Items listed in a dataset —
****************

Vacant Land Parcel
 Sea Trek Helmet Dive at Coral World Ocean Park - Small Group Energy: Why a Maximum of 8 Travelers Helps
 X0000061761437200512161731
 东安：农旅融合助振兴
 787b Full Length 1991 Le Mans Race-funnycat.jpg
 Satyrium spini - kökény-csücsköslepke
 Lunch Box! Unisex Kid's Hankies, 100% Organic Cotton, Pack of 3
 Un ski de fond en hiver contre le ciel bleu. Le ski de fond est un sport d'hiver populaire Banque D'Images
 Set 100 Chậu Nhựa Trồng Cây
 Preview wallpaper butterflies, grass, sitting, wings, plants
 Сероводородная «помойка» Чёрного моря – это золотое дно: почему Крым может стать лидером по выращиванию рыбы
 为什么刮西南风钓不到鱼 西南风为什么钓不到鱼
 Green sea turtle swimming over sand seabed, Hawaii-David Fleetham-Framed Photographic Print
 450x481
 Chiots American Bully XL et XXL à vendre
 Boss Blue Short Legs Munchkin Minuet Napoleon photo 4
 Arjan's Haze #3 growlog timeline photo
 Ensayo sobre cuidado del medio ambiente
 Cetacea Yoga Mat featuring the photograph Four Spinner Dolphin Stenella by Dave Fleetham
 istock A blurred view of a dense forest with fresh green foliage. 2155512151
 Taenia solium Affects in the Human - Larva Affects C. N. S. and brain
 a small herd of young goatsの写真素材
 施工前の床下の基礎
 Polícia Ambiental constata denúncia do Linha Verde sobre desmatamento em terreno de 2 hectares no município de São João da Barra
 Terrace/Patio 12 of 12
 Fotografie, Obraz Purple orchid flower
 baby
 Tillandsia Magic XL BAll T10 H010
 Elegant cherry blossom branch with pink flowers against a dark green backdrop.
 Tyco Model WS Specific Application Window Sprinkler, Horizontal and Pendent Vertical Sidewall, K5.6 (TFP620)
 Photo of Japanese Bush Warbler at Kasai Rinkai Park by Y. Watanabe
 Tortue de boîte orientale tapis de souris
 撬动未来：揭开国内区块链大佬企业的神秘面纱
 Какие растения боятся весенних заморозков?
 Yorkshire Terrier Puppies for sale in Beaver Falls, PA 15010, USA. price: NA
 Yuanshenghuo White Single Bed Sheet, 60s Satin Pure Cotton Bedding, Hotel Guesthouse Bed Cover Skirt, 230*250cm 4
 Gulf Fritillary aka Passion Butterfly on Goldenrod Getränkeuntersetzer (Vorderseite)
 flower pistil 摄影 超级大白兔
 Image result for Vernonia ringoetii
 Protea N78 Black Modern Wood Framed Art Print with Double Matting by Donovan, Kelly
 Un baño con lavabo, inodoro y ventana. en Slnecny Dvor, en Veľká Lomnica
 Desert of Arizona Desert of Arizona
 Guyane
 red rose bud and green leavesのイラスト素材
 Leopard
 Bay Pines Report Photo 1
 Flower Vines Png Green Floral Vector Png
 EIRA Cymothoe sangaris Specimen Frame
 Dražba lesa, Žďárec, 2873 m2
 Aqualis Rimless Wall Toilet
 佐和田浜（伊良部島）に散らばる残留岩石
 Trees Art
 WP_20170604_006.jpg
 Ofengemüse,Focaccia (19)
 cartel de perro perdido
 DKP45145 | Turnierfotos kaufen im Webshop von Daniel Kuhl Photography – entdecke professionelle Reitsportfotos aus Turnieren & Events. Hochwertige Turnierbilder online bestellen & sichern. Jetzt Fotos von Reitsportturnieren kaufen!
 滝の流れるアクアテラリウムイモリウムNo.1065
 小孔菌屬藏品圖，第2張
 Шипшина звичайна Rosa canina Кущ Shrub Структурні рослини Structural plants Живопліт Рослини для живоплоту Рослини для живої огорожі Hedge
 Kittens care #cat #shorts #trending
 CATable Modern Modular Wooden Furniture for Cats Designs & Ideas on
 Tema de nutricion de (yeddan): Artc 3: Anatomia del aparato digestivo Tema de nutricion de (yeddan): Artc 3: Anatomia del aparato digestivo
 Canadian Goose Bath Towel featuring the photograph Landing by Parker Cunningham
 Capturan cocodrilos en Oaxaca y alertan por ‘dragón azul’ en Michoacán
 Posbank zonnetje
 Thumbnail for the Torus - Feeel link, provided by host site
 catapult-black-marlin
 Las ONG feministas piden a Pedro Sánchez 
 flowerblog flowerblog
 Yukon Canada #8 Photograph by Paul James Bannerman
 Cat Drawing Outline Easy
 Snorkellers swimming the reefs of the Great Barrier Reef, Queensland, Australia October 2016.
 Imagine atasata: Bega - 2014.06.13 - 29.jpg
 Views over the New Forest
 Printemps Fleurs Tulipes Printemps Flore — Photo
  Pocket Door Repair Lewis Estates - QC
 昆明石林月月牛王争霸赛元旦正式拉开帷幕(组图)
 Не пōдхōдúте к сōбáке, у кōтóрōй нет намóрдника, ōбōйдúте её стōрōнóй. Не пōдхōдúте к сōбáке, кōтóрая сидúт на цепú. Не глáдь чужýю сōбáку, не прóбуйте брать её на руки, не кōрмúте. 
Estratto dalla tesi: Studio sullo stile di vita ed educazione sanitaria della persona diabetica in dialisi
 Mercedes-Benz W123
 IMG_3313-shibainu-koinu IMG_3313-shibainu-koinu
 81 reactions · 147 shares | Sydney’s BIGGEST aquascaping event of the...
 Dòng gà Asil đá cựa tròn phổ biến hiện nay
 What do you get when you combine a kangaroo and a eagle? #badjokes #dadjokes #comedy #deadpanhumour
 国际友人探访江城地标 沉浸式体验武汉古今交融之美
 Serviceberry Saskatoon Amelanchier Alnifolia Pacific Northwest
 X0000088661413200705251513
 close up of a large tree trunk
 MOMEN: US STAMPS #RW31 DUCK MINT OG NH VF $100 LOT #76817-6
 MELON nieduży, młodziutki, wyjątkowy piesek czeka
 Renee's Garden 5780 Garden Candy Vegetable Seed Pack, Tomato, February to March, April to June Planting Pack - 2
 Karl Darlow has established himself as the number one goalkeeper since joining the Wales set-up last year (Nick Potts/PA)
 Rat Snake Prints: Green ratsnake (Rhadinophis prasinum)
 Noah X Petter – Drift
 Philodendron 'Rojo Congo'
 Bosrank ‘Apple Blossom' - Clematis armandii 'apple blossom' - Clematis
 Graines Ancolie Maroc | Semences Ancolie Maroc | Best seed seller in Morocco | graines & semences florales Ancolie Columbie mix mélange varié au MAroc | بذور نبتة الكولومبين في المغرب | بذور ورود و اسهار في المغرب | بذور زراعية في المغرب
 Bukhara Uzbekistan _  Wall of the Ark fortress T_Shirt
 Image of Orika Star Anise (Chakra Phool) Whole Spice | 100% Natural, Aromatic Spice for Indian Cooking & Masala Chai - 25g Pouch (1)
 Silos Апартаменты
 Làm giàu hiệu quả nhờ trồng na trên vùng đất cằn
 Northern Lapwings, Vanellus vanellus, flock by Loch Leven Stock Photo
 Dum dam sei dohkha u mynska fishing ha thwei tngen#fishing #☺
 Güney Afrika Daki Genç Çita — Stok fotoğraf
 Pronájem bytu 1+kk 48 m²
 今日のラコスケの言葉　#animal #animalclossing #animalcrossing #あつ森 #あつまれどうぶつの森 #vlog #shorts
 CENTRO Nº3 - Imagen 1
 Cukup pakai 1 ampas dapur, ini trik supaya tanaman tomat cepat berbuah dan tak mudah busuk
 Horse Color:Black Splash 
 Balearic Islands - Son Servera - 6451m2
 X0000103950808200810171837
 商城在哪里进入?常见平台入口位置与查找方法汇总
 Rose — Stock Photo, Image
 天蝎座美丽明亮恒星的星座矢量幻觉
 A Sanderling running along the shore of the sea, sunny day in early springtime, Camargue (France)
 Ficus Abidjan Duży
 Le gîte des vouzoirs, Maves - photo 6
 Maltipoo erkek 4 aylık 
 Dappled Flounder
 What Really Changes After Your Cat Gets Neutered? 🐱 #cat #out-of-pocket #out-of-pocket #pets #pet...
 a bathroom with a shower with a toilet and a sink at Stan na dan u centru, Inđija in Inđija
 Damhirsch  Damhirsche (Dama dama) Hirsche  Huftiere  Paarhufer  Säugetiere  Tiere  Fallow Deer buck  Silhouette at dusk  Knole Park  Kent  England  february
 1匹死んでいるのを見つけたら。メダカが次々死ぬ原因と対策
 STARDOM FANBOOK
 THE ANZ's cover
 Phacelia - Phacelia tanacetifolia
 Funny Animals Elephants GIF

****************

Work item — Every line of the data above that contains the word "shorts" should be counted; please give the total alone.

Exercise answer — 2